Он посмотрел на меня, а потом сказал:
— Разве что ужаснее войны бывает?
— Ничего, — ответил я.
— А я видел более ужасное, чем война. Я видел просто убийство.
— Это всё равно.
— Нет, не всё равно; война, хотя она в угоду капиталистов и на порабощение угнетённых ведётся, но всё же она имеет свои, так сказать, этические законы, гуманность буржуазную, одним словом, милость к побеждённым…
— Ну…
— Отступали, — начал он резко, — из Августовских лесов и как-то случайно окружили немецкий отряд около тысячи человек. Отряд без боя нам сдался, мы его вели за собой около двух суток, отступая. Начальство, чтобы закалить нас кровью и отвести от себя солдатскую злобу за поражение, которое нам нанесли немцы, приказало взять каждому по немцу и тут же в пути, отойдя лишь немного в сторону, в лес, не теряя времени и пуль, прикончить штыками. Что тут было!.. Какими стонами, какими мольбами, какими проклятиями огласился лес! Около тысячи человек было прирезано ни за что. Вот в эту-то самую ночь мне ужасно опротивела война, и я потерял своё честное патриотическое имя…
— И ты убил?
— Нет, — ответил он. — Когда я повёл впереди себя немца, доставшегося мне на заклание, он страшно волновался и, пошатываясь, шёл вперёд, а когда услыхал стоны и крики товарищей, он упал на колени, стиснул руками живот и, глядя на меня безумным, передёрнутым от ужаса лицом, шевелил посиневшими губами.

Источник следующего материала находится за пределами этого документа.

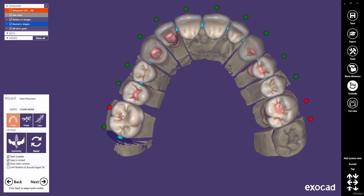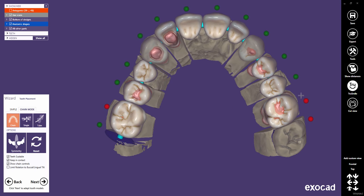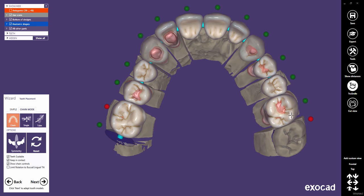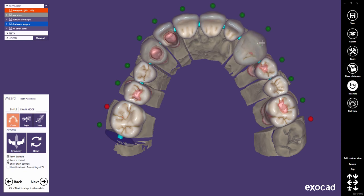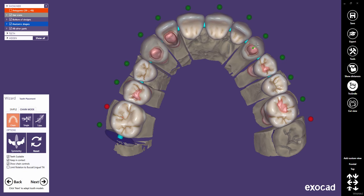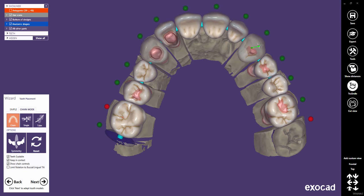Note: if a tooth is pinned, it can still be transformed when selecting it directly, but it's protected from being influenced by the neighboring teeth's movement. Use SHIFT and the left mouse button to scale a single tooth in the chain if both ends of the chain are pinned.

Тут Белоусов остановился и посмотрел по сторонам.
— Я ничего не понял, что он мне говорил, да и не мог понять: я тоже, как и он, что-то шептал губами… Я сильно ударил штыком в землю, так что он ушёл в неё по самое дуло винтовки, и дико, с ознобом в теле, бросился в сторону, в ночь, и всё время до самого утра я слушал за собой стоны, видел глаза стоявшего на коленях немца…

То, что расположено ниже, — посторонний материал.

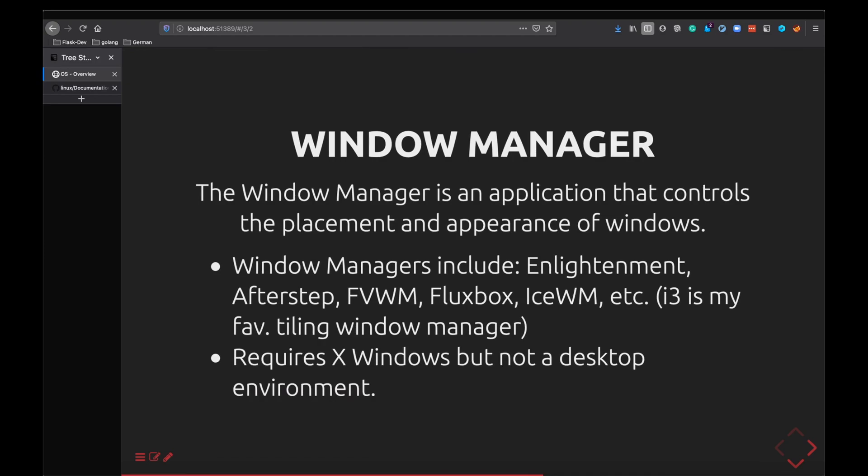Then coming to a window manager. A window manager is again an application. What it helps you to do is it helps you to place windows. You can tell I want this window to be in front, I want this window to be maximized, I want this window to be minimized. This is where your window manager comes into picture. Having X Windows is mandatory for you to have a window manager. But a desktop environment comes in the next phase. You do not really require a desktop environment to have a window manager. Here I have a few examples of window manager and i3 is my favorite tiling window manager. You should definitely check it out.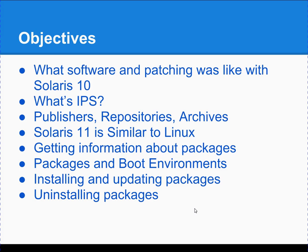The objectives of this presentation are to look at what patching and packaging was like in Solaris 10, talk about IPS, publishers, repositories, and archives, compare Solaris 11 to Linux, show you how to get information about packages, talk about packages as they relate to boot environments, installing and updating packages, and uninstalling packages. There are many slides and I'm going to try to burn through them.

— Да-да, — протянул я. — Это, пожалуй, хуже войны.
Он молчал и только через несколько минут вздохнул.
— А теперь вот, после этого случая, я не могу так спокойно смотреть в тёмное звёздное небо: мне кажется, что не звёзды на меня смотрят, а глаза из чёрного Августовского леса… Да-а… — протянул он. — Так вот, пока они ужинали, я лежал на спине и смотрел в чёрное небо. Сколько я так пролежал, не помню, но почувствовал — от ног по моему телу бежали мурашки, и я вздрогнул, а когда поднял голову, то работник, что был постарше, облокотившись левой рукой на левое колено, сидел недалеко от меня и смотрел в просвет леса на озеро… Второй лежал животом у костра и, положив голову на руку, тоже смотрел на озеро, так почти каждый вечер: я ни разу не видал, чтоб они смотрели на небо, и решил, что они не любили небо и звёзды.

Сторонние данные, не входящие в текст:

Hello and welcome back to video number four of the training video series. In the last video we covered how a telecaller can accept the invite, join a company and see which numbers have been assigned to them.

— Вы что так вздрогнули? — спросил работник, сидевший недалеко от меня, и посмотрел.
— Жутко как-то, — ответил я. — Мне кажется, что мы лежим не на поляне, а в глубоком чёрном колодце.
— Это, пожалуй, верно, — согласился он и снова посмотрел на меня. И я видел, как в его маленьких глазах от волнения раздувались костры, и искры огня летели в ночь…
— Мне кажется, что из этого колодца нам не выбраться, — сказал я и тоже стал смотреть в просвет леса, на озеро…
— Типун тебе на язык, — бросил он и громко засмеялся.
На это я ничего не ответил, и он больше ничего не сказал. Мы все трое молчали и смотрели в просвет леса на озеро. Вокруг нас была тишина, и эта же тишина была и над нами. А в тишине слышался ропот воды, тоскливый шёпот берёз, треск кузнечиков и нудное жужжание комаров. Изредка только, нарушая тишину и музыку насекомых, дыхание леса и озера, доносился свисток паровоза, ржание лошадей.
— Вы были на войне? — нарушая молчание, спросил он и замахал кепкой над головой.
Я вздрогнул от неожиданности и взглянул на него: он, размахивая кепкой, всё так же смотрел в просвет леса на озеро, и я видел его большую лысину, а на ней стройную тень неба и трепетание звёзд… Второй работник, что не умел говорить по-русски, спокойно лежал у костра и похрапывал.
— Был, — ответил я через некоторое время.
— Были, — сказал он, — а теперь почему не на войне?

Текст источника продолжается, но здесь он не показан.